Objective: The 'double-orifice' (DO) technique has been proposed to simplify mitral valve repair (MVRep) in particular settings of mitral insufficiency. However, the haemodynamic effects of such a redesigned valve are poorly documented, particularly during stress conditions. Thus, we sought to evaluate the haemodynamic changes during exercise conditions after the DO procedure.
Methods: Twenty-seven selected patients were enrolled for this study. Mean age was 60 +/- 14 years (range 31--80 years). All patients had had severe mitral regurgitation and normal LV function preoperatively, and had undergone DO as isolated procedure for MVRep. Annular remodelling was associated in 24 cases (Carpentier classic ring in 13 patients and autologous pericardium in 11 patients, respectively). Postoperatively, haemodynamic data were recorded at baseline and during supine exercise test at submaximal workloads by means of transthoracic echocardiography.
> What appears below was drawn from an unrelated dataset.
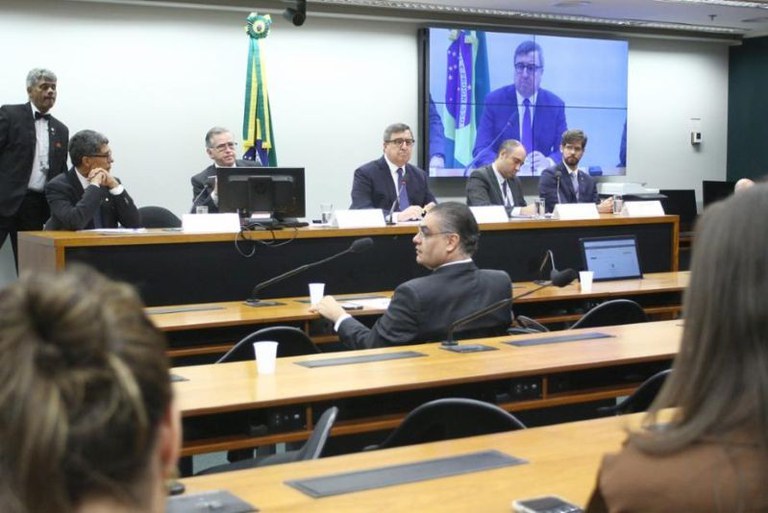 Foto da Comissão de Minas e Energia da Câmara dos Deputados que discutia o tema "Leilão de reserva de capacidade no setor elétrico brasileiro". Mais à esquerda na foto, é possível ver sentado à mesa o subprocurador-geral da República e coordenador da 3ª CCR (Consumidor e Ordem Econômica) Luiz Augusto Santos Lima. Ele está ladeado pelo presidente da comissão e convidados. Em primeiro plano, é possível ver deputados e a plateia de costas para a foto.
A logistic regression analysis was applied to evaluate the association between the observed haemodynamic changes and surgical technique.
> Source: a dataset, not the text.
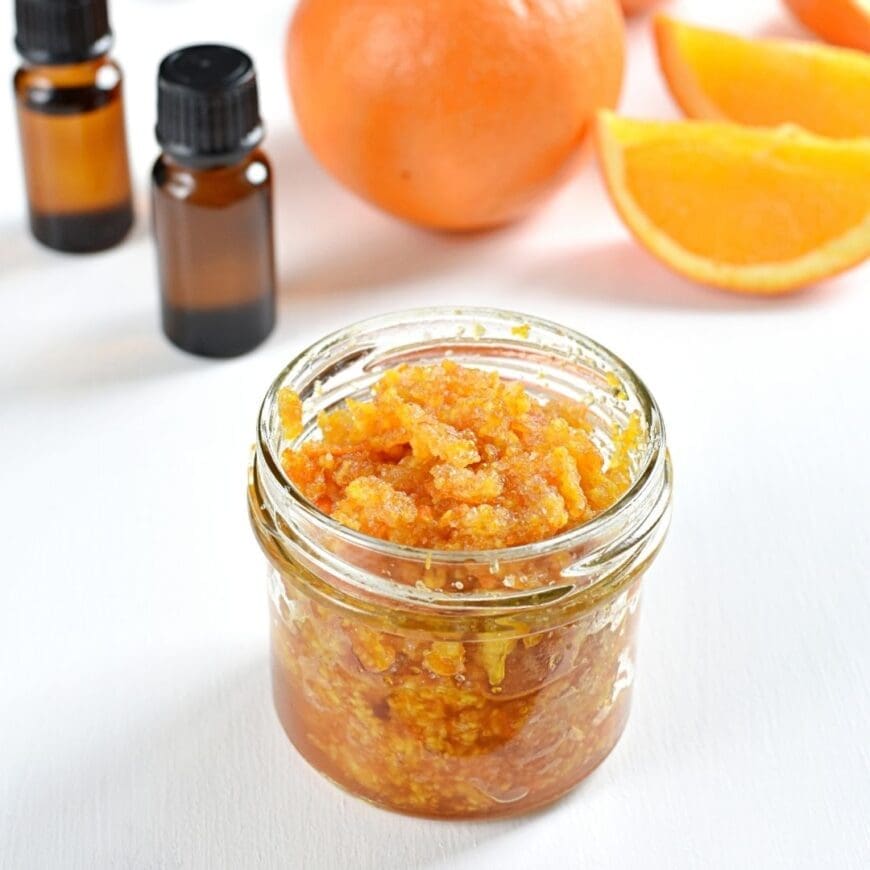 A jar of homemade salt scrub  with two bottles of essential oil in the background and orange segments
Results: Mean follow-up was 47 +/- 20 months. Significant residual mitral insufficiency (grade three over four) was found in five patients at baseline assessment, and in six patients at peak exercise. Transmitral pressure gradient showed a significant (P < 0.001) increase in both peak and mean values at peak exercise (from 7 +/- 4 to 17 +/- 10 and from 3 +/- 2 to 8 +/- 6 mmHg, respectively). Pulmonary hypertension was observed in six patients (moderate in all cases) at rest and in 13 patients (moderate in seven cases and severe in five cases) at peak exercise. We did not find any correlation between the haemodynamic data and surgical factors.
Conclusions: This study indicates that though effective mitral valve competence is achieved in the majority of operated patients, DO repair may induce impaired diastolic mitral dynamism in some cases, particularly during exercise conditions. Further investigations are required to thoroughly elucidate the overall mechanics of a DO valve, especially at strenuous cardiocirculatory states.